FP Canada reveals that more Canadians track spending and boost savings while CFP pros help cut stress gaps
More Canadians say they feel stressed about money – but those who get professional financial planning advice report less stress, more sleep and greater confidence about the future.
According to FP Canada’s 2026 Financial Stress Index, money remains the leading source of stress for 43 percent of Canadians, ahead of health (21 percent), relationships (17 percent) and work (15 percent).
The report shows that 85 percent of Canadians are now taking steps to manage financial stress, up from 82 percent in 2025.
Tracking expenses is the most common action (42 percent), followed by paying down debt (33 percent) and creating a budget (29 percent).
Saving is gaining importance: 33 percent say they have saved more this year, compared to 29 percent in 2025.
Zena Amundsen, CFP and owner of Astra Financial Services in Regina, Sask., said “Canadians are taking matters into their own hands, while juggling everyday expenses like groceries and huge purchases like a home.”
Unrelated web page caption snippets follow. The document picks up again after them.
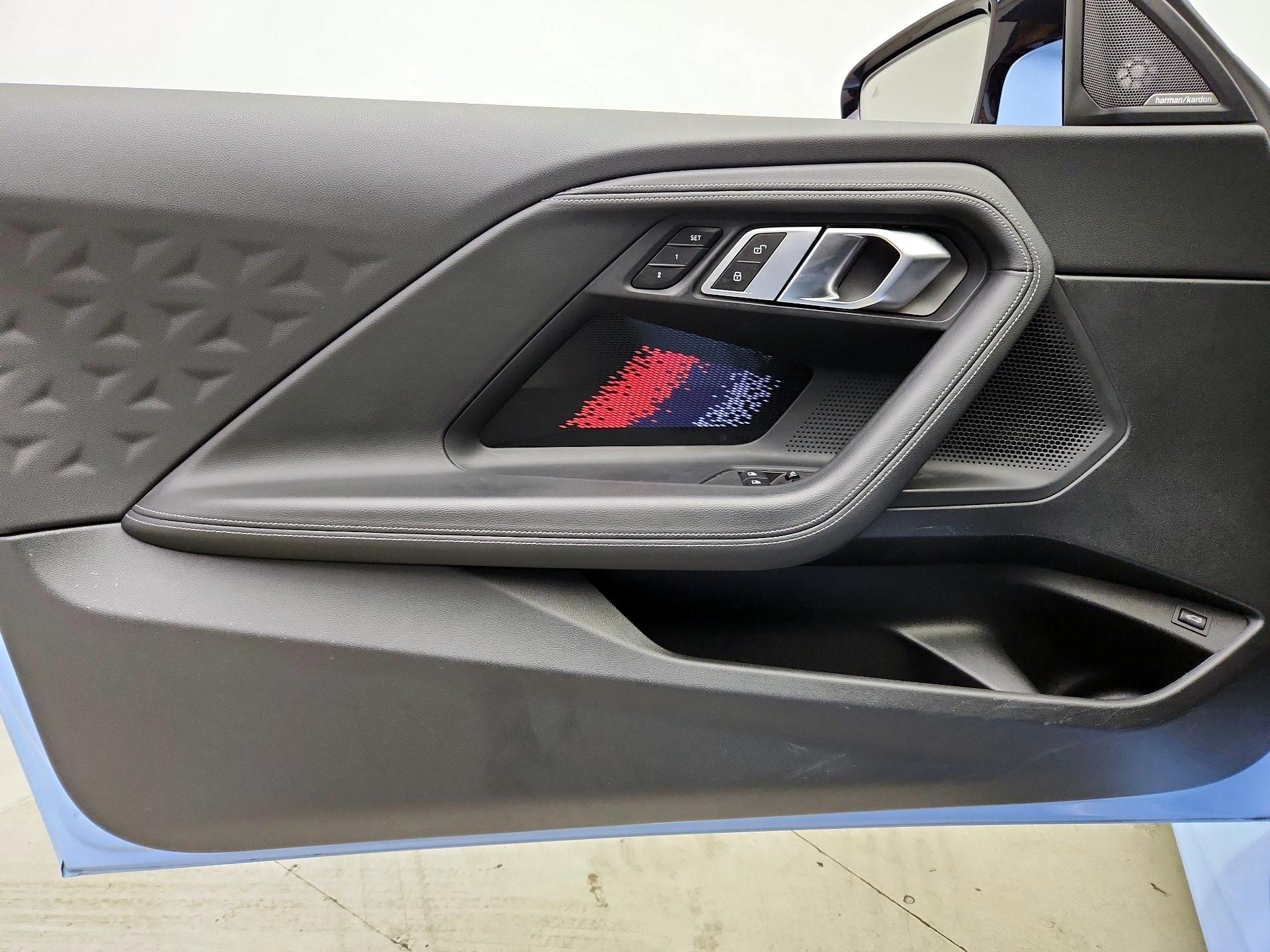 Thumbnail: 2023 BMW M2 - 12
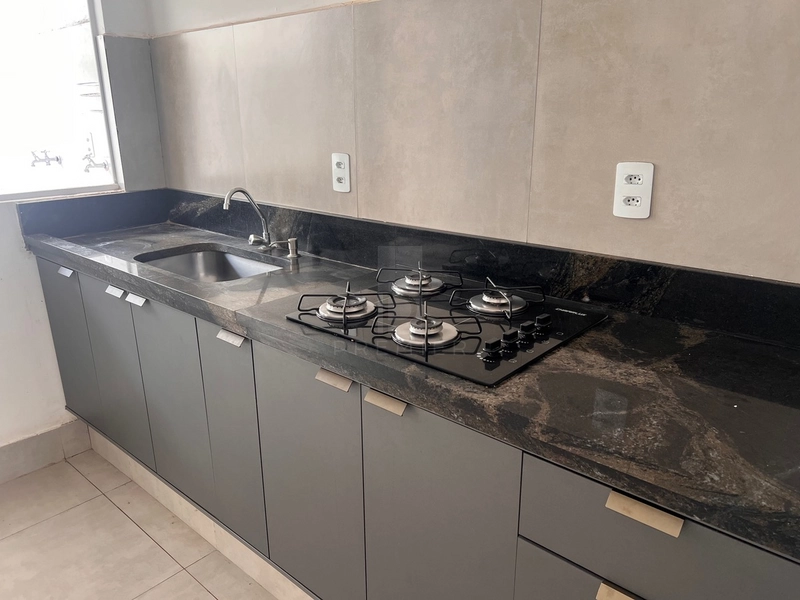 Casa a Venda no Bairro Fragata em Marília-SP.: 4ª foto da galeria de imagens do imóvel
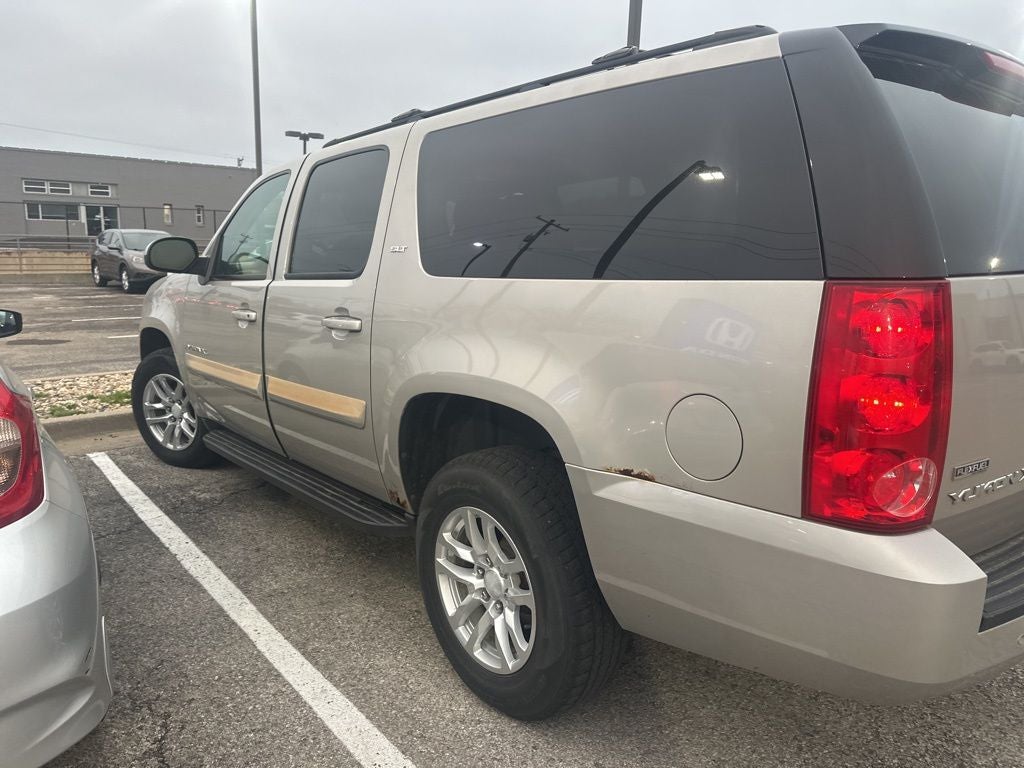 2008 GMC Yukon XL SLT 1500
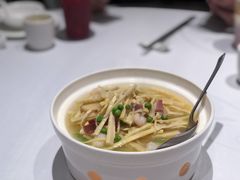 竹林笋三鲜-江南厨子(万象天地店)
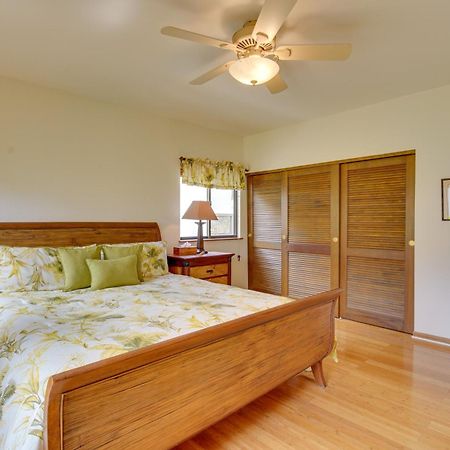 Kailua-Kona Condo With Resort Access And Ocean View! Kültér fotó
She described it as “encouraging to see more Canadians choosing to save their hard-earned dollars” and said this shows they are trying to improve their financial well-being.
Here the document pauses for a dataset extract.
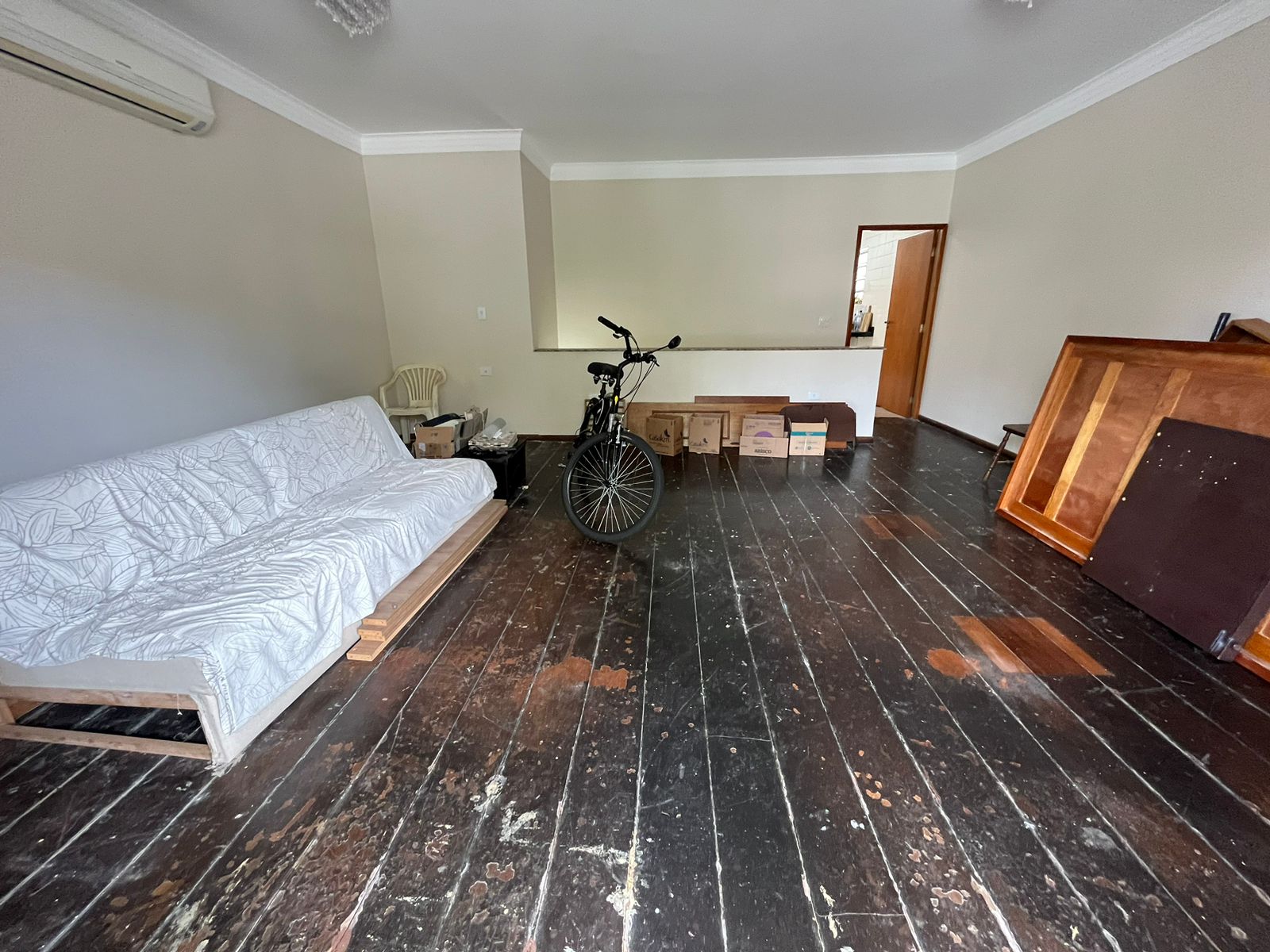 Imagem Casa com 3 Quartos à Venda, 151 m² em Aparecida - Santos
Everyday costs sit at the core of that stress.
Groceries are the most significant pressure for households, cited by 64 percent of respondents.
Concerns about inflation have eased, dropping to 55 percent in 2026 from 63 percent in 2023, but worries about rising housing prices have increased from 20 percent in 2023 to 25 percent in 2026.
Financial stress looks different across life stages.
Among younger Canadians aged 18–34, 47 percent say saving for major purchases is a source of financial stress.
Job and income stability concerns 38 percent, and 27 percent cite investing as a key stressor.
To relieve pressure, 42 percent of younger Canadians say they saved more, and 35 percent created a budget.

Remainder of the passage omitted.